Chlorobenzene (C6H5Cl) is an aromatic organic compound, and it is a colorless, flammable liquid with an aromatic, almond-like odor. It’s a monocyclic aromatic molecule with one chlorine atom replaced for one hydrogen atom on the benzene ring. It’s made by using a catalyst to chlorinate benzene in the liquid phase. This colorless, flammable liquid is a commonly used solvent and intermediary in the production of other compounds.
At room temperature, chlorobenzene is a colorless, flammable liquid with a sweet almond-like flavor, a high vapor pressure, a moderate octanol-water partition coefficient (log 2.8), and moderate to low water solubility (497.9 mg/L @ 25°C). In 1851, it was first characterized. Chlorobenzene is made by chlorinating benzene in the presence of a Lewis acid catalyst such as ferric chloride, sulfur dichloride, or anhydrous aluminum chloride:
Chlorobenzene is a nonpolar solvent with high solubility, yet it is practically insoluble in water. Chlorobenzene in technical grade is generally 99 percent pure, with just 0.05 percent benzene and 0.1 percent dichlorobenzenes as impurities. It’s a common solvent that’s also employed as an intermediary in the production of other compounds. The chlorine’s electrophilicity is improved by the catalyst. Because chlorine is an electronegative atom, C6H5Cl is less susceptible to subsequent chlorination.
To avoid the production of dichlorobenzenes, the reaction is carried out as a continuous process in the industry. Rhodococcus phenolicus is a bacterium that uses chlorobenzene as its primary carbon source. It has a flashpoint of 84°F, is nearly water-insoluble, and is somewhat denser than water (9.2 lb/gal). Pesticides, dyes, and other chemicals are made from vapors that are heavier than air. The Sandmeyer reaction, also known as the benzene diazonium chloride reaction, produces chlorobenzene from aniline.
Chlorobenzene causes fatigue, nausea, lethargy, headache, and irritation of the upper respiratory tract and eyes in humans. Chlorobenzene irritated the skin when it came into contact with it. In this research, no reports on chlorobenzene sensitization were found. Chlorobenzene is the most basic of the monochlorobenzenes, which are benzenes with single hydrogen replaced by a chlorine atom. It functions as a solvent.
On a big scale, chlorobenzene is nitrated to produce a combination of 2-nitrochlorobenzene and 4-nitrochlorobenzene, which are then separated. It was once used to produce phenol and DDT, among other compounds. Chlorobenzene is now employed as a solvent in some pesticide formulations, as a degreaser for car components, and as a chemical intermediary in the production of a variety of other compounds. However, it is not considered a widespread environmental pollutant because it has only been detected at 97 of the 1,177 NPL hazardous waste sites.
Monochlorobenzene is a monocyclic aromatic chemical similar to chlorobenzene. It gets into the environment through industrial and municipal waste. The production and release of chlorobenzene as a byproduct of incomplete combustion in waste incinerators is another potential source. It’s water-soluble to a degree; up to 1,000 milligrams will dissolve in a liter of water.
Chlorobenzene is absorbed from the gastrointestinal system and the lungs. Chlorobenzene is expected to be dispersed throughout whole body fluids due to its high lipophilicity and hydrophobicity, with body lipids being a significant deposition location. When chlorobenzene enters the body through polluted air, the bacteria Rhodococcus phenolicus destroys it as the only carbon source.

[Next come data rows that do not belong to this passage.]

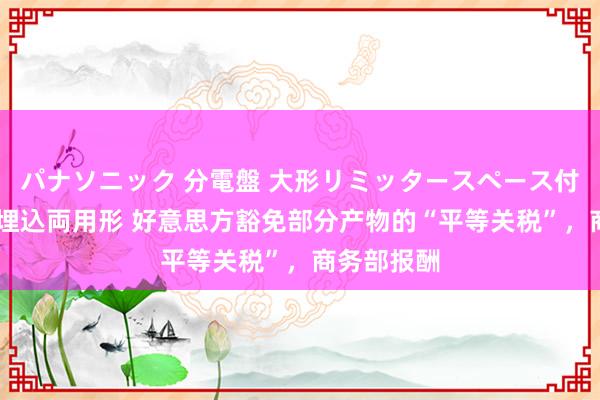 パナソニック 分電盤 大形リミッタースペース付 露出・半埋込両用形 好意思方豁免部分产物的“平等关税”，商务部报酬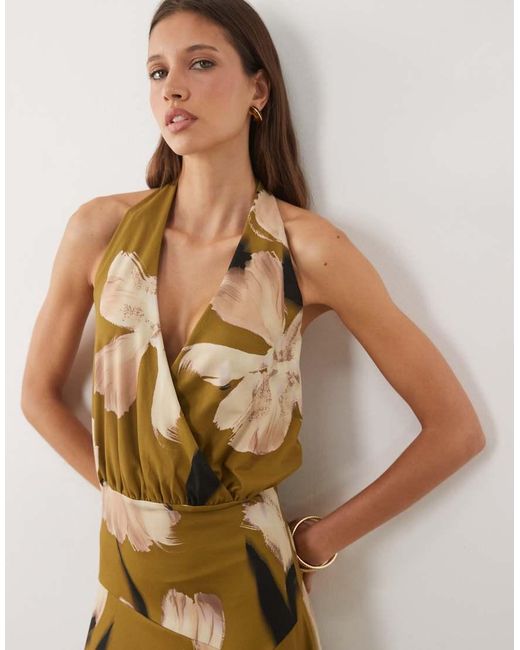 ASOS Metallic Halter Neck With Full Skirt Midi Dress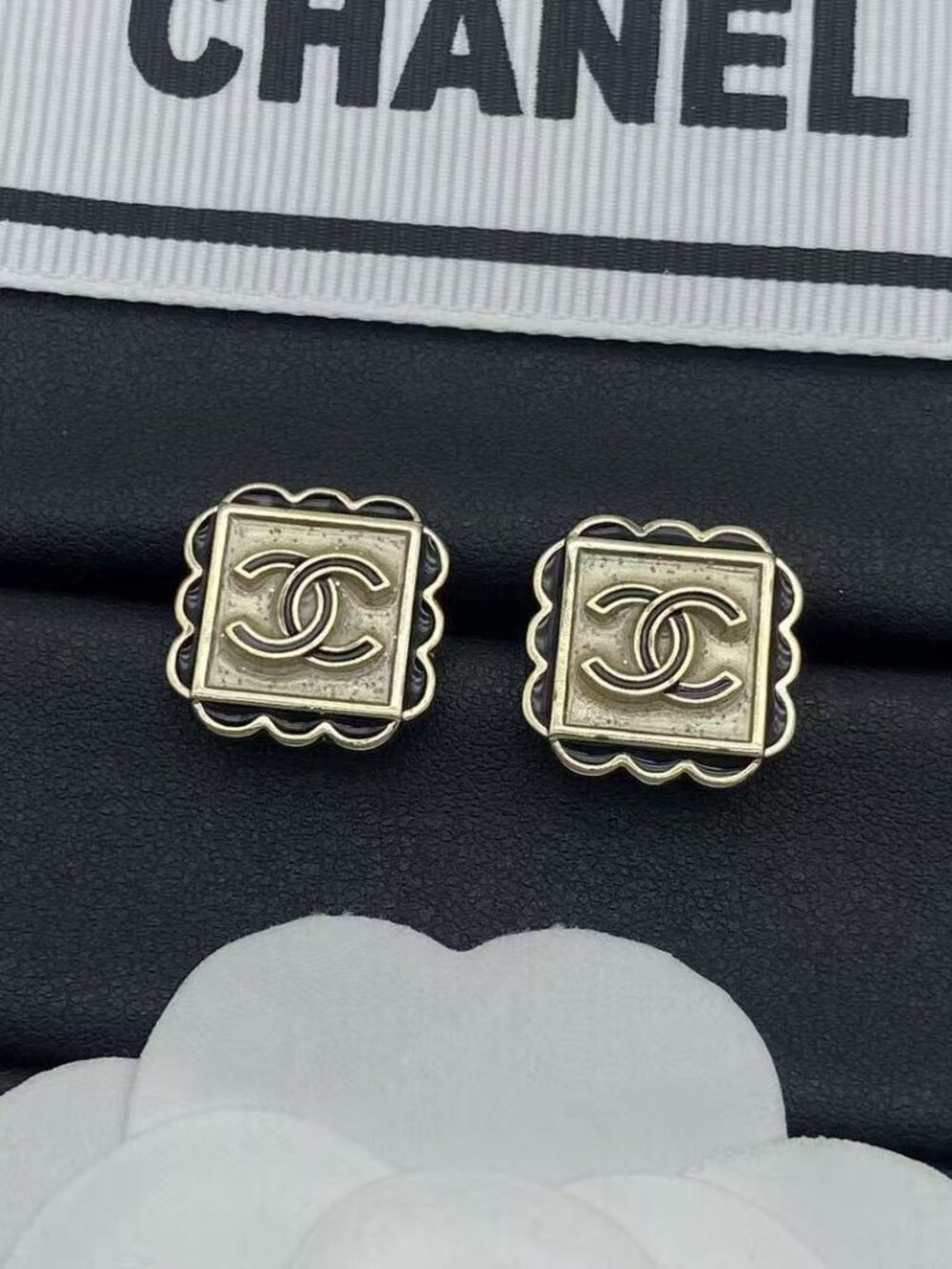 Like-New Chanel Scalloped Square CC Logo Stud Earrings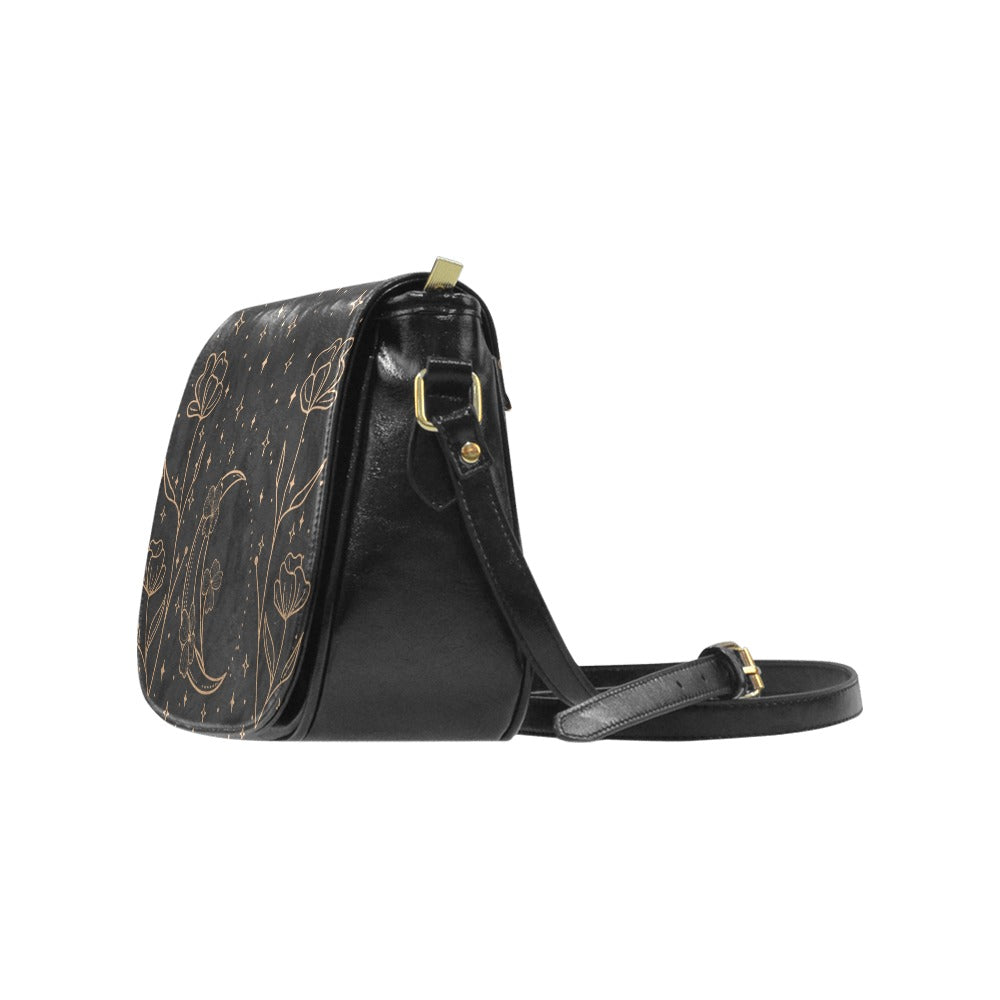 Elegant Crescent Moon Flowers Saddle Bag Purse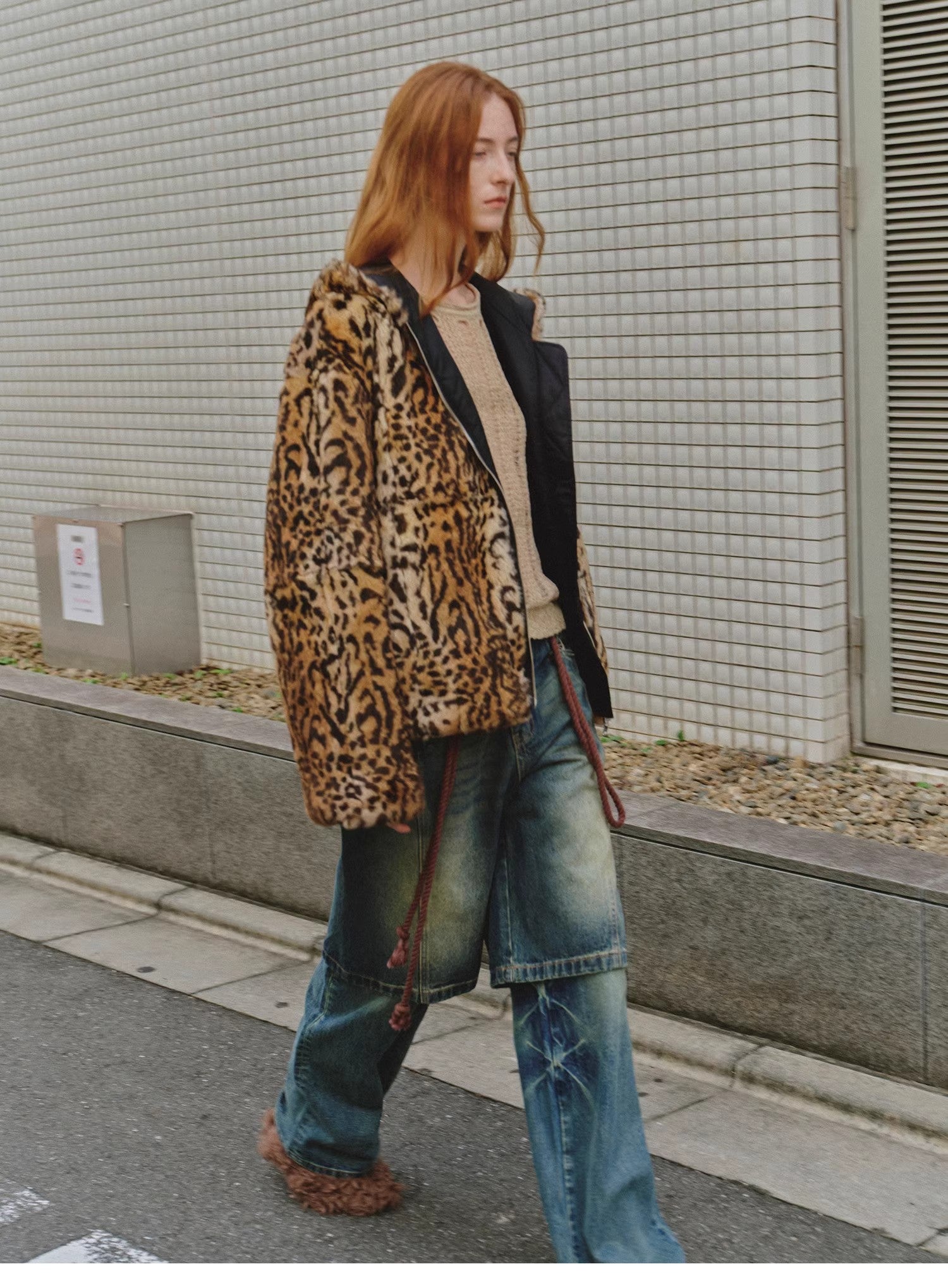 "Leopard Fantasy" Leopard Spot Print Reversible Drop Shoulder Hooded Custom Rabbit Fur Coat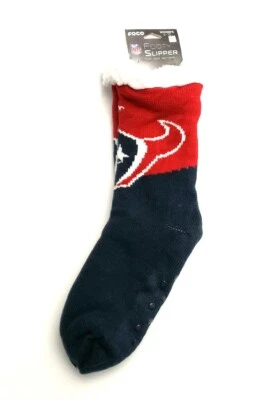 Houston Texans NFL FOCO Women's Footy Sherpa Sock Slippers Red / Navy Size 6-10 - Image 1 of 4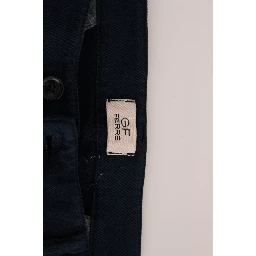 Blue Stretch Straight Fit Pants Chinos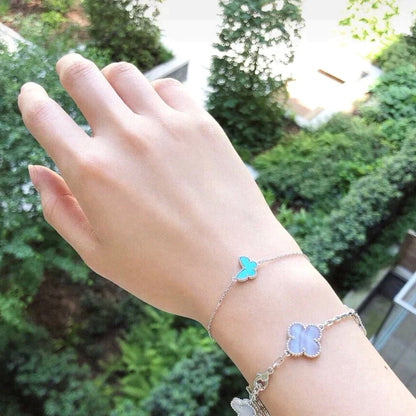 [Vellora Opalyn]BUTTERFLY TURQUOISE BUTTERFLY BRACELET SILVER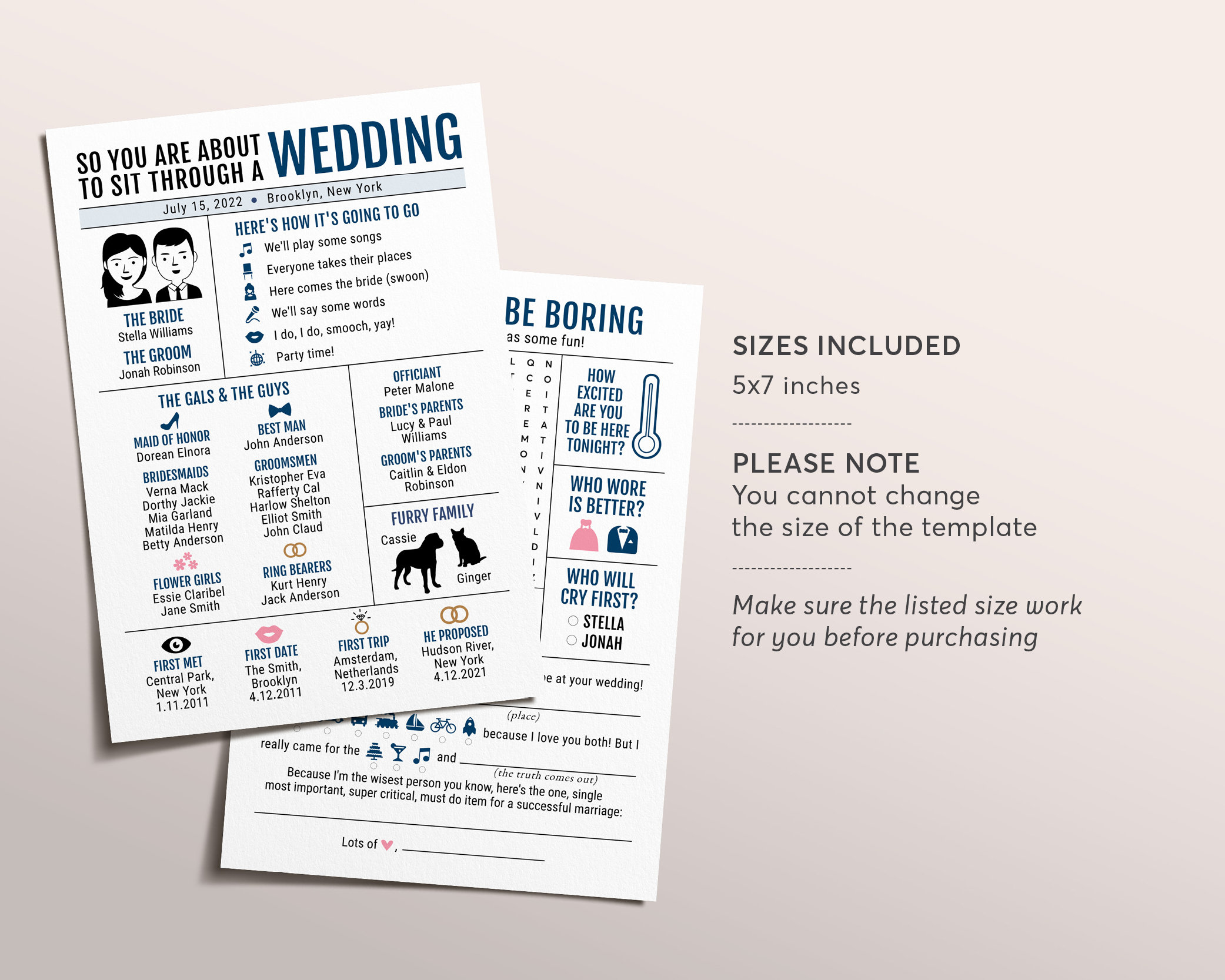 Modern Infographic Wedding Program, Navy Reception Program, Funny Unique  Wedding Program, Word Search, Mad Libs, Wedding Advice Card - Etsy, image size:2083x1667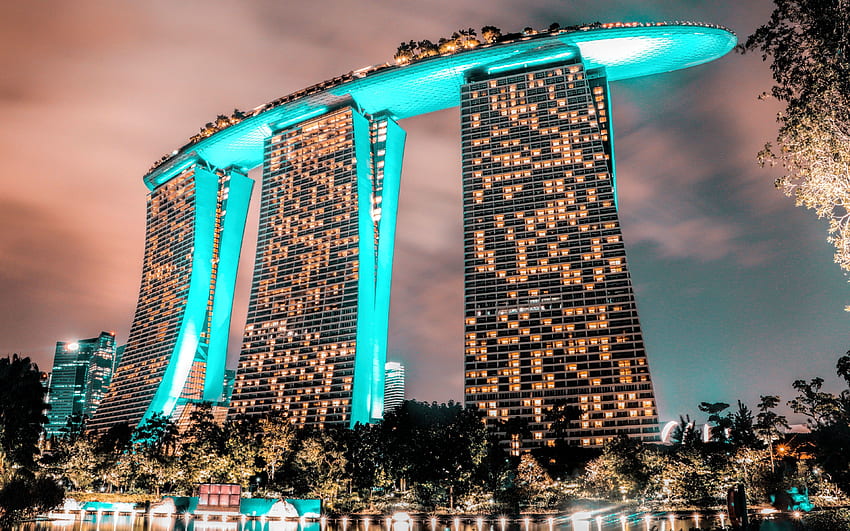 Marina Bay Sands Hotel, Singapore, Evening Night HD wallpaper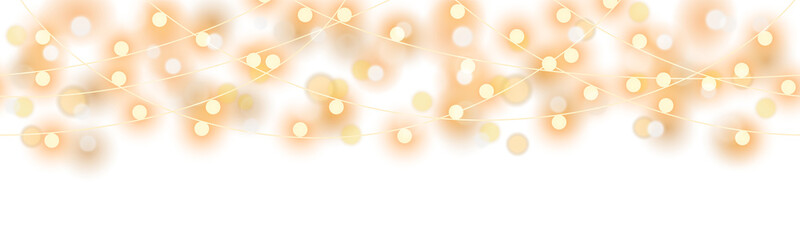 Decorative christmas yellow glowing light chains with sparkles and bokeh effects seamless pattern on transparent background © Kateina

Chlorobenzene is eliminated through both the lungs and the urine system.
When chlorobenzene is exposed to air, it can evaporate. When combined with water, it dissolves somewhat. The effects of chlorobenzene on human health and the environment are dependent on the amount of the chemical present as well as the length and frequency of exposure. Effects are also dependent on a person’s health or the state of the environment at the time of exposure. Acute and chronic exposure to chlorobenzene has been demonstrated in occupational investigations to induce irritation of the mucosa of the upper respiratory tract and eyes.
Chlorobenzene was previously employed in the production of pesticides, most notably DDT, through a reaction with chloral (trichloroacetaldehyde), but its usage has dropped as DDT’s use has decreased. It’s utilized in the manufacture of phenol and aniline, as well as as a paint solvent and a heat transfer medium. Monochlorobenzene is a solvent that is also used to make phenol and nitrochlorobenzenes.
Chlorobenzene is primarily used as a solvent in pesticide formulations, the manufacturing of diisocyanates, the degreasing of car components, and the creation of nitrochlorobenzene. Chlorobenzene vapors in the range of 1.3-7.1 percent by volume in air produce explosive combinations with air. When dimethyl sulfoxide comes into touch with chlorobenzene, it decomposes dramatically. In the industrial setting, chlorobenzenes are made by reacting liquid benzene with gaseous chlorine in the presence of a catalyst at a moderate temperature and atmospheric pressure.